Input data: Begin

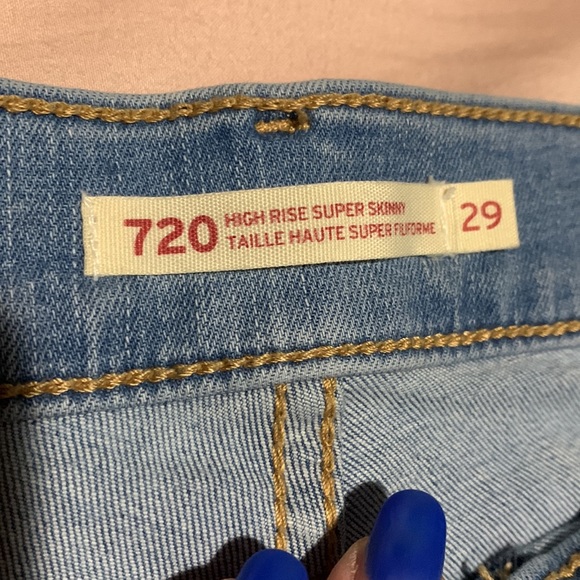 Levi’s distressed jeans - Picture 3 of 4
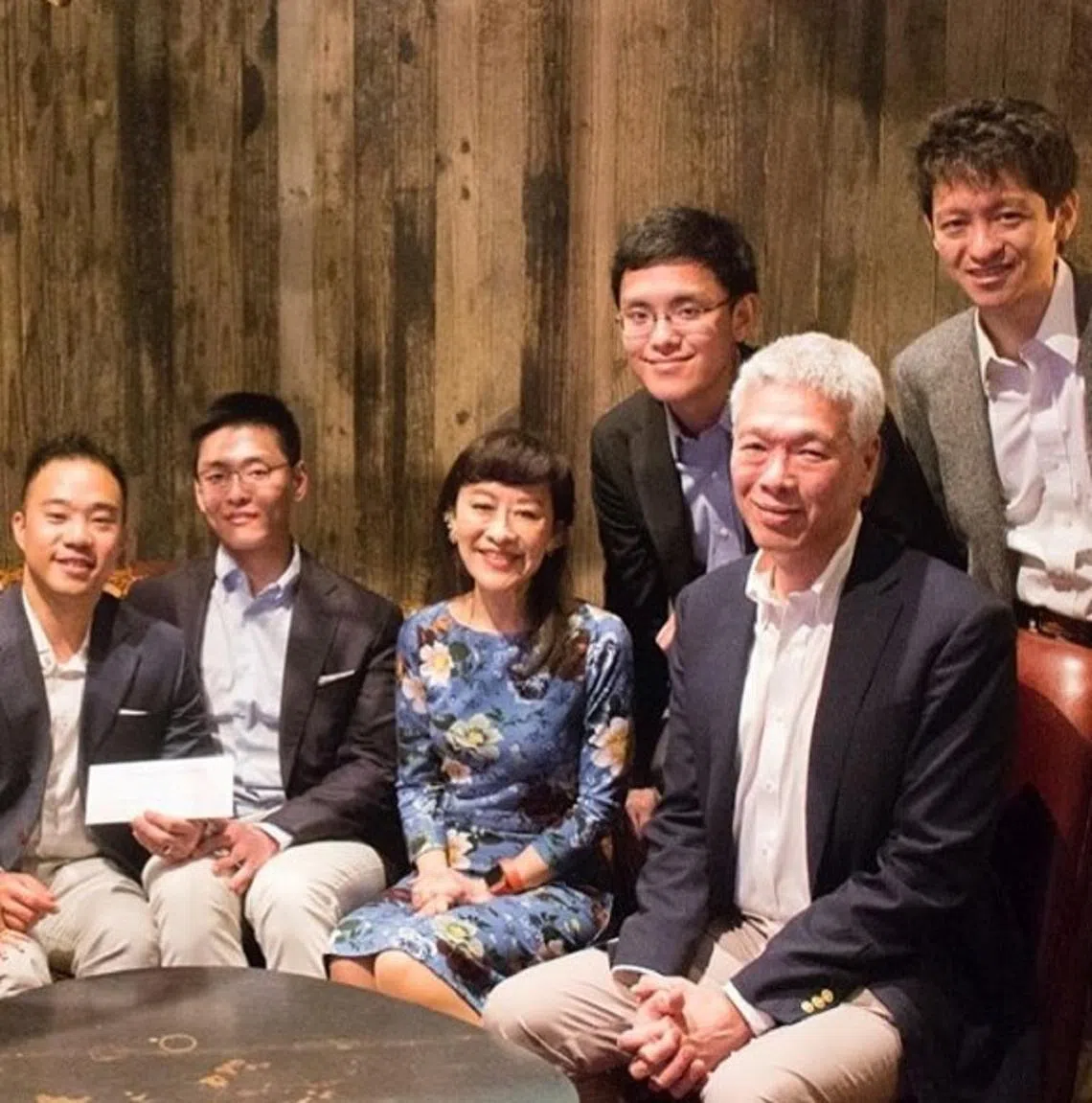 李显扬（右二）在次子李桓武（左二）与王毅睿（左一）的婚礼上，拍下幸福满满的全家福照。妻子林学芬、大儿子李绳武（右一）和小儿子李韶武在旁都笑得很开心。（李桓武面簿）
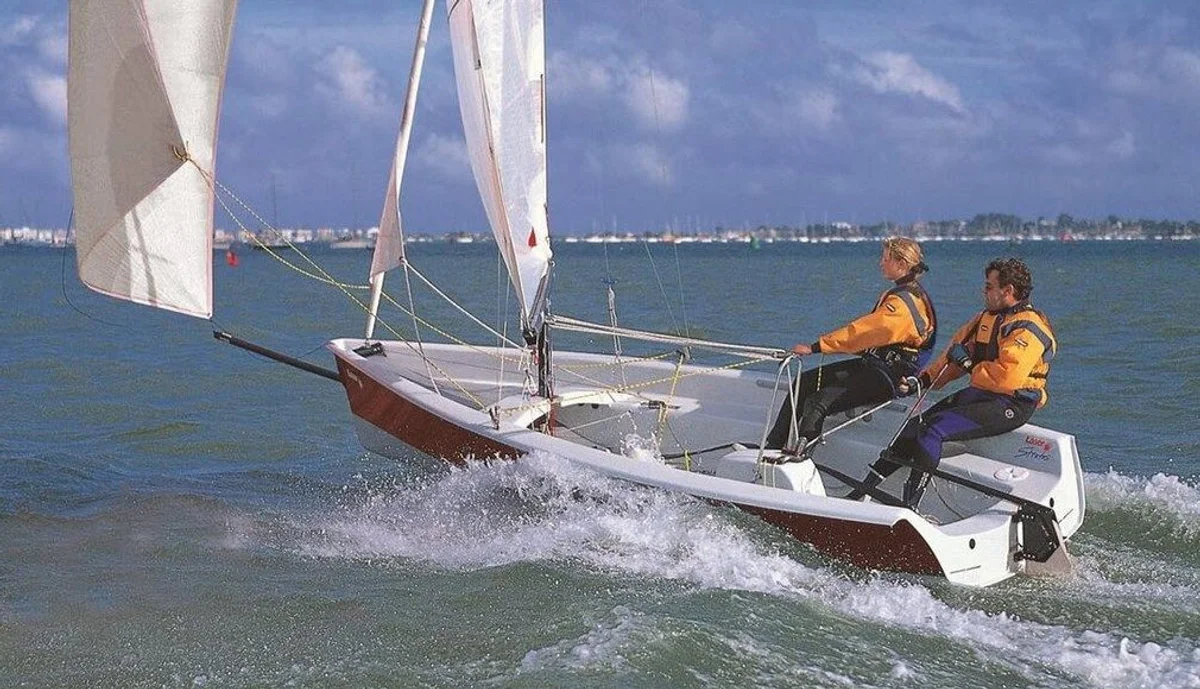 Laser Performance Laser Stratos Fin keel Fin keel 1998 boat specs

Input data: End

#### Problem description
The answer is the whole listing retyped exactly, with pictures omitted.

#### Answer section
 Levi’s distressed jeans - Picture 3 of 4
 李显扬（右二）在次子李桓武（左二）与王毅睿（左一）的婚礼上，拍下幸福满满的全家福照。妻子林学芬、大儿子李绳武（右一）和小儿子李韶武在旁都笑得很开心。（李桓武面簿）
 Laser Performance Laser Stratos Fin keel Fin keel 1998 boat specs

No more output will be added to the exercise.